▼

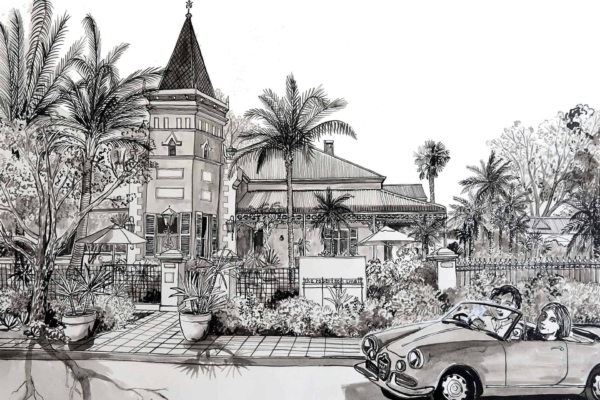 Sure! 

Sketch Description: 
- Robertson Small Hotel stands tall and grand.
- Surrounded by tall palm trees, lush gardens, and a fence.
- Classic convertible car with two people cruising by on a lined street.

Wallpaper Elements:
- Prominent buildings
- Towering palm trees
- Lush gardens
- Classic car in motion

▲

## TASK:
Say the number of data lines holding "palm", without any other words.

## WRITTEN SOLUTION:
2